--- Source information Enclosed Below ---
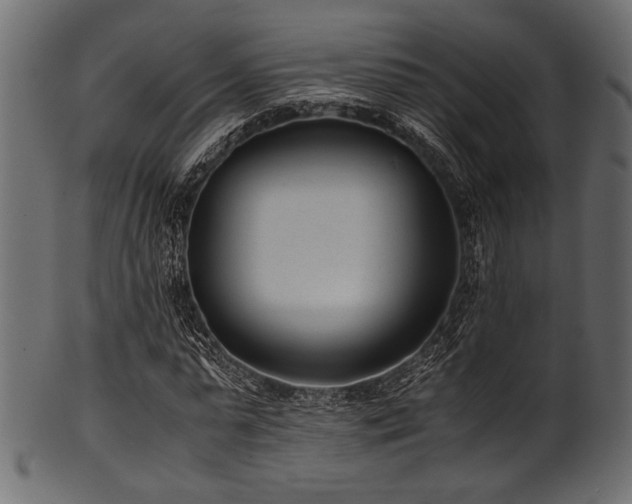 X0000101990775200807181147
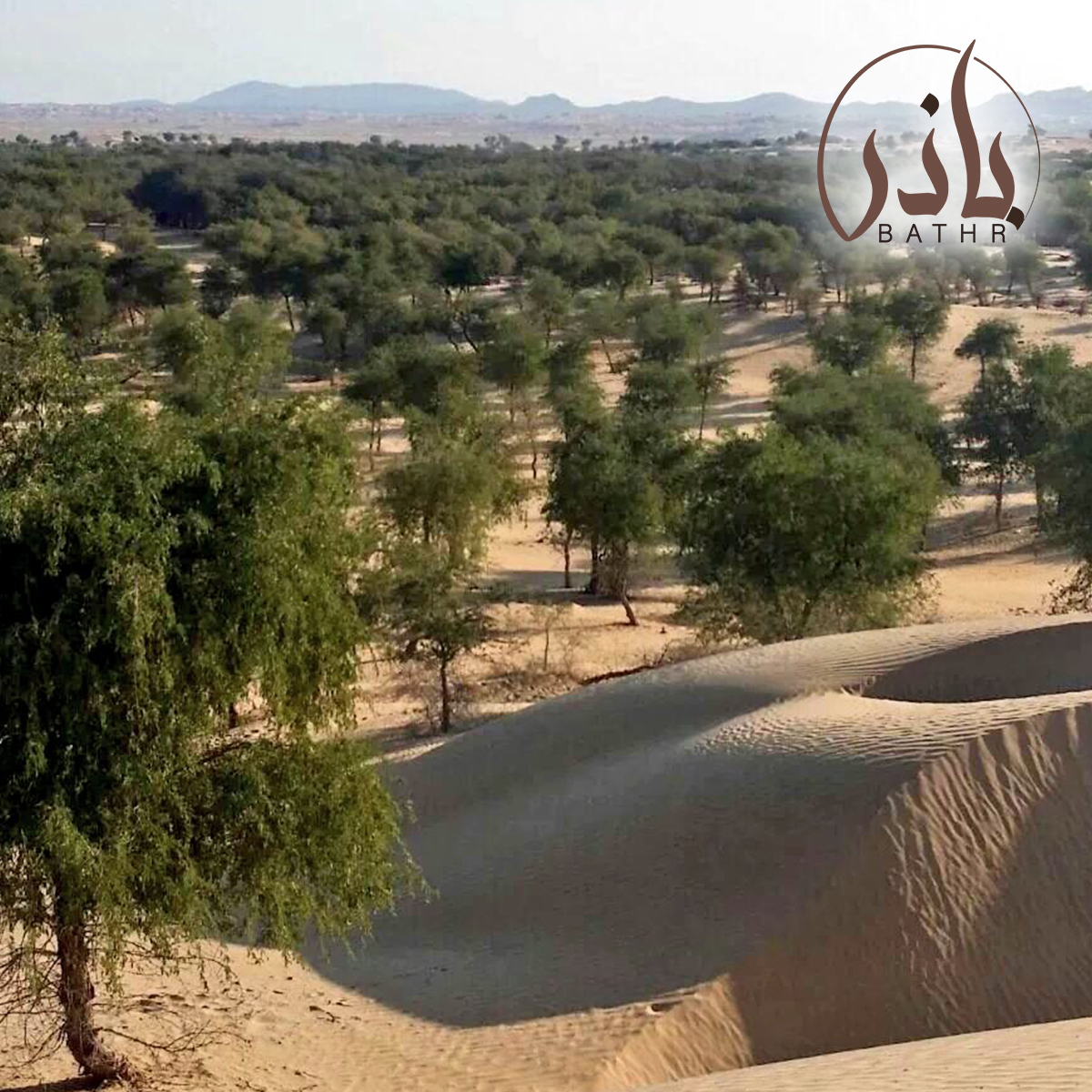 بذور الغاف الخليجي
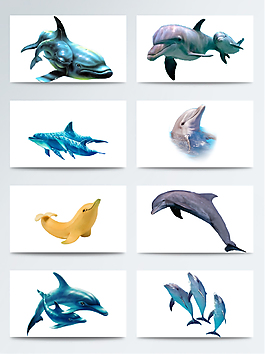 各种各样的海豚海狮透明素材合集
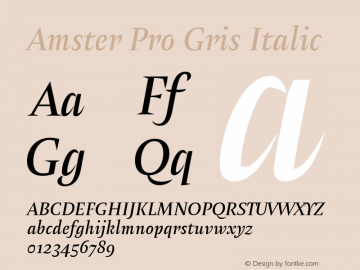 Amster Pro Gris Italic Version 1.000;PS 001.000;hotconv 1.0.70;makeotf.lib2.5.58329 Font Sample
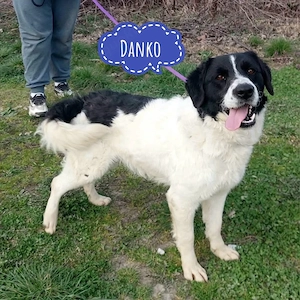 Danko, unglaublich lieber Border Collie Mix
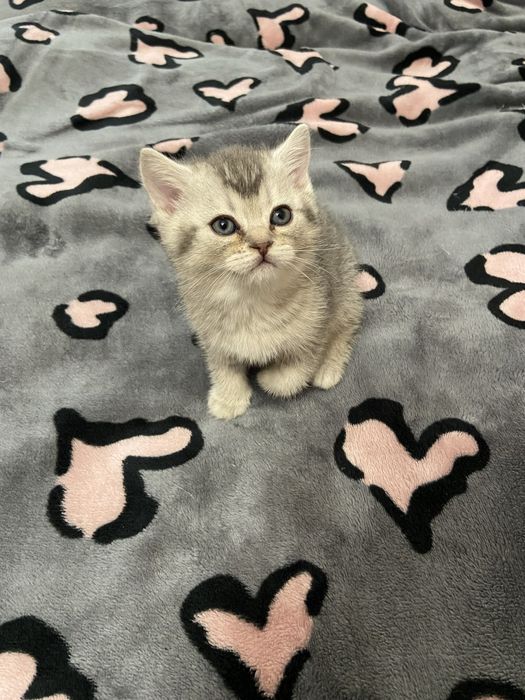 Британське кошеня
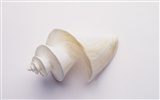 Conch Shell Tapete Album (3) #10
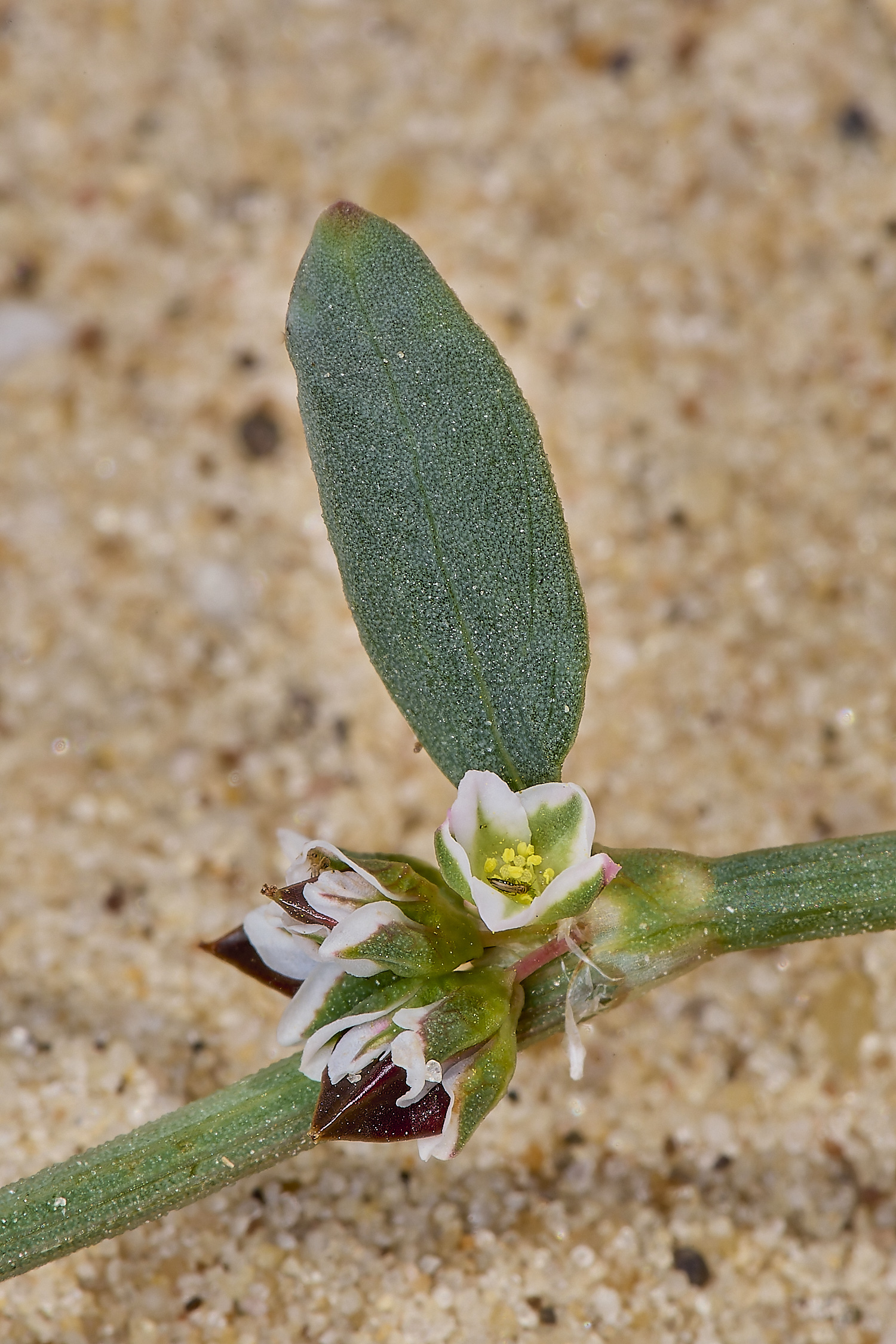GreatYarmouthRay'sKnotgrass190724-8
--- End of Enclosed Source information ---
■ **Work order**: The records above should be returned exactly, with only their pictures held back.

■ **Output for this task**:
 X0000101990775200807181147
 بذور الغاف الخليجي
 各种各样的海豚海狮透明素材合集
 Amster Pro Gris Italic Version 1.000;PS 001.000;hotconv 1.0.70;makeotf.lib2.5.58329 Font Sample
 Danko, unglaublich lieber Border Collie Mix
 Британське кошеня
 Conch Shell Tapete Album (3) #10
GreatYarmouthRay'sKnotgrass190724-8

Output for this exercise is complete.